Just need to have a bit of a moan, sorry. Dear dsm moved into sheltered accommodation mid December. I'd passed over responsibly to my step brothers, her sons as I'd dealt with dads Alzheimer's alone from his diagnosis two years ago, he's now in care after a torrid few months which involved him going missing from both hospital and home and being sectioned. I'd supported dsm all through this us her diagnosis with Alzheimer's as well last January. Since Christmas the phone calls I'm getting from her are increasing daily, she just won't leave me alone. I had seven calls one after the next yesterday, each call came with a voice mail and she rang straight away after leaving the voice mail in the afternoon, this was on top of the five I'd had in the morning. Each message is more and more desperate, pleading with me to call her. It's heartbreaking but there isn't a particular problem. Yesterday afternoon was because wanted to go to the shop but as ever wanted me to tell her if there was anything else she had to do. Even after I spoke to her she called me another four times plus I get countless blank text messages. She only has a mobile as my step brothers don't think she needs a landline but she clearly can't use the mobile properly, often missed calls and if she doesn't answer it she can't retrieve her voice mails and always calls me to see if it was me who called.
I'm having a nightmare trying to get all the information I need for the court protection orde I'm applying for to become dads deputy as I don't have POA and this is down to dsm being difficult when dad still had capacity. I d already had two phone calls from my solicitor and had to call dads bank customer service but I've got to go to the branch tomorrow. All of this when I'm at work. By last night I was dizzy, the room was spinning, I was hit and cold tearful and shaking. My oh is threatening to bar her number so she can't keep calling me as he can see the effect it's having and if I'm honest I really wouldn'mund. I said yesterday for her to call my sb but she said he's at work but when I said so was I she just said yes but it says on this price of paper that it's ok to call you during the day!! I've never felt like I did last night, I've inly ever come close to fainting once but I thought I would pass out and I truly did feel dreadful. I do know I can't carry on like this with her
Sorry for the typos and for whinging but I'm hoping others have felt the same.
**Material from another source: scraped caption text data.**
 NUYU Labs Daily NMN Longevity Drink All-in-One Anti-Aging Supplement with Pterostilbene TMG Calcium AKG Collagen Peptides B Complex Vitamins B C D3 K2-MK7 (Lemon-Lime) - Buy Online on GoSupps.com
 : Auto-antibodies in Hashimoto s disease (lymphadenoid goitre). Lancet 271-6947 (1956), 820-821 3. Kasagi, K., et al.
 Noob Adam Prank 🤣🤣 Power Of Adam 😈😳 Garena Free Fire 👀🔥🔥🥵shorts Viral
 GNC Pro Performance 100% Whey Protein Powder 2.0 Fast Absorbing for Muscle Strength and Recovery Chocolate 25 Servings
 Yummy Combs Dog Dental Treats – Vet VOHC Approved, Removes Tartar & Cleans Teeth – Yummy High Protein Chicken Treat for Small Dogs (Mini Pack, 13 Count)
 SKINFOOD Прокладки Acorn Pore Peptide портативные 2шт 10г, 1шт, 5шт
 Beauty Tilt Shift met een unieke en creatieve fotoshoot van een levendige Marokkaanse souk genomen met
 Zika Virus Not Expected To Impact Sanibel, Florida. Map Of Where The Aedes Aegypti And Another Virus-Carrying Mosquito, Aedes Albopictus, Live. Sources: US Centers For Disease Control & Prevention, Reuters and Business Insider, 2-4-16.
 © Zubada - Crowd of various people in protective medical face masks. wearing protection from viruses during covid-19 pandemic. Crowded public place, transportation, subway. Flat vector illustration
Ohh dear you poor thing. I'm not surprised that you feel like a moan!
Does she have any other help? Or is it just you and the SB?
Is it something where you could pay someone to visit?
I don't know it's hard to give any meaningful advice as I suspect you've already had a good think. I suspect that your DHs suggestion might be sensible - perhaps not block her completely but for most of the day.
Oh, that sounds so hard, and she obviously isn't coping. My dad will phone 7 times in a day and its just so draining
Decide what you are willing to do, then bar her number. Then email your SBs and say what you have done, in a factual sort of way. (Your husband might draft it and then you take out the angry bits, but don't add in any apologetic bits.) It is wrong if they have either given her a piece of paper with your number on, especially if it suggests you can be called when at work, or programmed your number into her ohhone so she calls you first.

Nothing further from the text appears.